Ben Hershey, Unsplash

“If the Super Bowl is the ultimate game, how come there is another one next year?”
— Dallas Cowboys running back Duane Thomas (1972)

Five quick angles to make this Sunday’s football game not seem like the rerun you think it is.

• In terms of reliability, New England Patriots quarterback Tom Brady trails the sun, seven seas, and Betty White. And by some distance. Since Brady entered the NFL in 2000, a whopping 10 Super Bowls have been played without him. Trent Dilfer and Brad Johnson quarterbacked teams to the Lombardi Trophy and a franchise younger than Brady — the Carolina Panthers — played for the championship in Super Bowl 50. Should he win three Super Bowls in four years for a second time, we’ll always wonder . . . why not four in a row, at least once?

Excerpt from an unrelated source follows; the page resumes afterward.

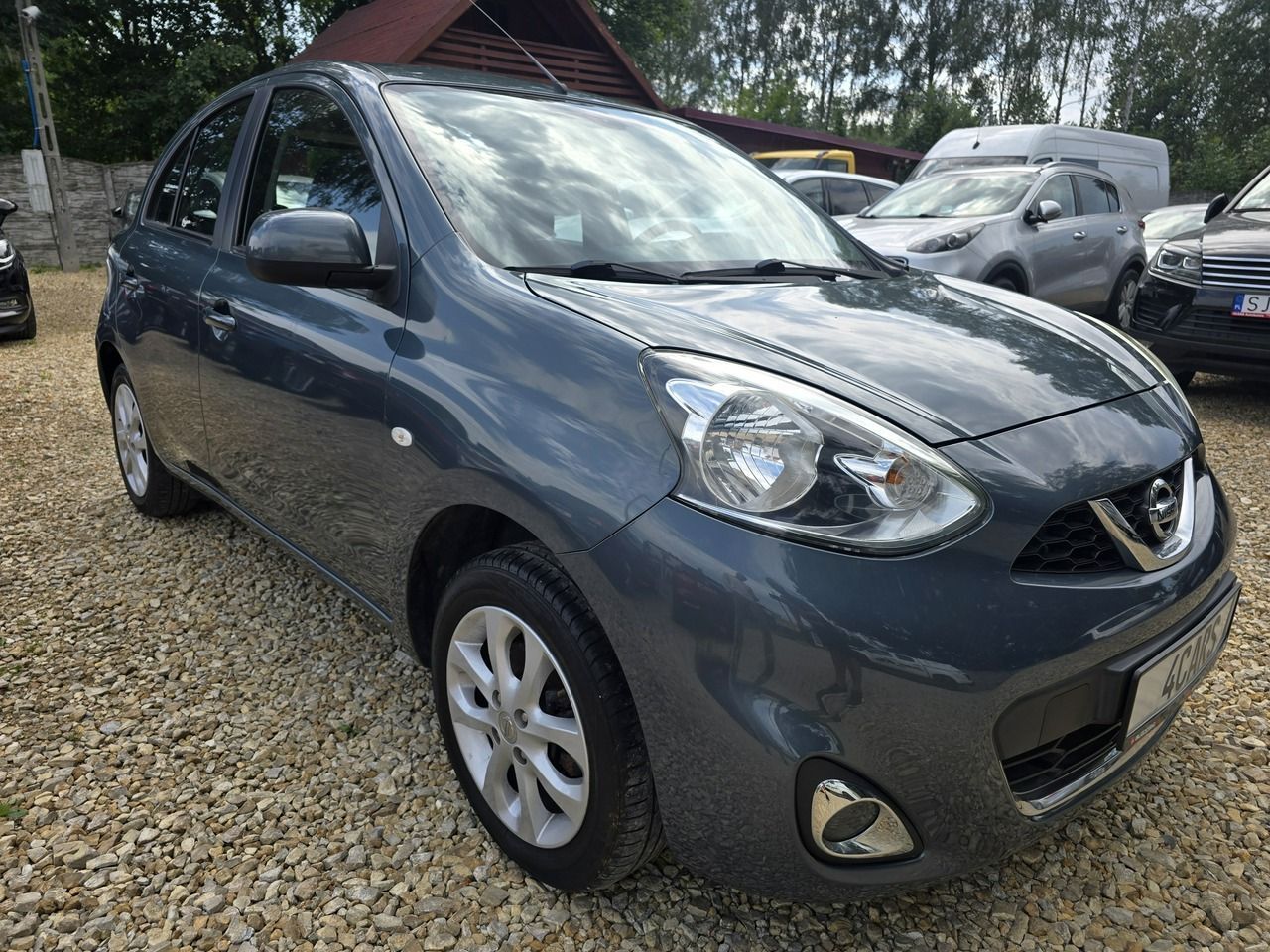 Nissan Micra 1.2 Petrol 2016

• Much has been made locally about two former University of Memphis kickers facing one another in Super Bowl LII. Philadelphia Eagle rookie Jake Elliott broke most of the Tiger records established (between 2002 and 2005) by New England Patriot veteran Stephen Gostkowski. How unlikely is this toe tangle? Gostkowski came to the U of M initially as a pitcher for the baseball team. Elliott was a tennis star in high school. It can be said these Tiger alumni will be on American sport’s biggest stage but playing their alternative sports.

• This still-young century has been an era for drought-ending championships. The Boston Red Sox, Chicago White Sox, Chicago Cubs, Kansas City Royals, and Houston Astros have all won World Series that ended droughts of at least 30 years. LeBron James brought Cleveland its first major championship of any kind in a half-century. Among the 32 NFL franchises, only two — the Lions and Cardinals — have played longer without claiming a title than the Eagles, who last were crowned kings when Chuck Bednarik tormented quarterbacks in 1960.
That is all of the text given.